Curriculum 29: Troubleshooting Playbook

Networking Failures & DNS

18 min · 35 XP

Troubleshooting Networking Failures

Network issues in Kubernetes range from DNS resolution failures to service connectivity problems. A systematic debugging approach saves time.

DNS Debugging

DNS is the most common source of networking failures.
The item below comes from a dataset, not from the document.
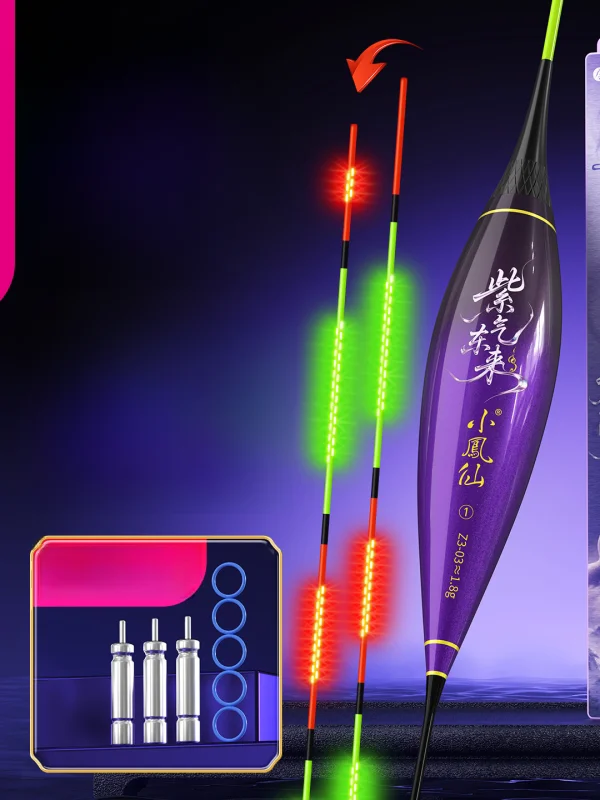 xiao-feng-xian-oled-night-glow-fishing-bobber-color-changing-soft-light-tail-double-row-lamp-tail-floating-marker-outdoor-cam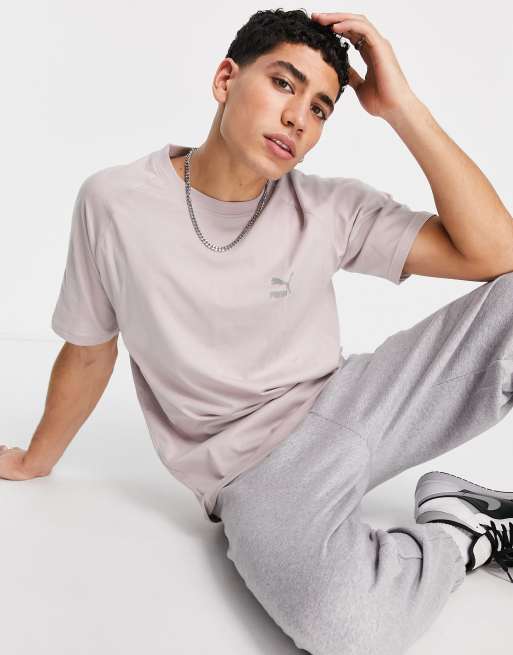 Puma - Tech Crew - T-shirt in grijs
CoreDNS resolves service names within the cluster:

# Run a temporary debug pod with DNS tools
kubectl run dns-debug --rm -it --image=busybox -- /bin/sh

# Inside the debug pod, test DNS resolution
nslookup kubernetes.default.svc.cluster.local
nslookup my-service.production.svc.cluster.local

# Check if CoreDNS pods are running
kubectl get pods -n kube-system -l k8s-app=kube-dns

# View CoreDNS logs for errors
kubectl logs -n kube-system -l k8s-app=kube-dns --tail=50

# Check CoreDNS configmap
kubectl get configmap coredns -n kube-system -o yaml

Service Connectivity

# Verify the service exists and has endpoints
kubectl get svc my-service -n production
kubectl get endpoints my-service -n production

# If endpoints are empty, check label selectors
kubectl get svc my-service -o jsonpath='{.spec.selector}'
kubectl get pods -l app=myapp -n production

# Test connectivity from within the cluster
kubectl run curl-test --rm -it --image=curlimages/curl -- \
  curl -v http://my-service.production.svc:8080/health

Pod-to-Pod Communication

# Get the pod IP
kubectl get pod myapp -o jsonpath='{.status.podIP}'

# Test direct pod-to-pod connectivity
kubectl run net-test --rm -it --image=busybox -- \
  wget -qO- http://10.244.1.15:8080

# Check if network policies are blocking traffic
kubectl get networkpolicies -n production

# Verify the CNI plugin is healthy
kubectl get pods -n kube-system | grep -E "calico|flannel|cilium"

Common Fixes

# Restart CoreDNS if DNS is broken
kubectl rollout restart deployment/coredns -n kube-system

# Check node-to-node connectivity
kubectl get nodes -o wide  # Compare INTERNAL-IP addresses

# Verify kube-proxy is running
kubectl get pods -n kube-system -l k8s-app=kube-proxy

When debugging, work from the application layer down: DNS first, then service endpoints, then pod IPs, then node networking.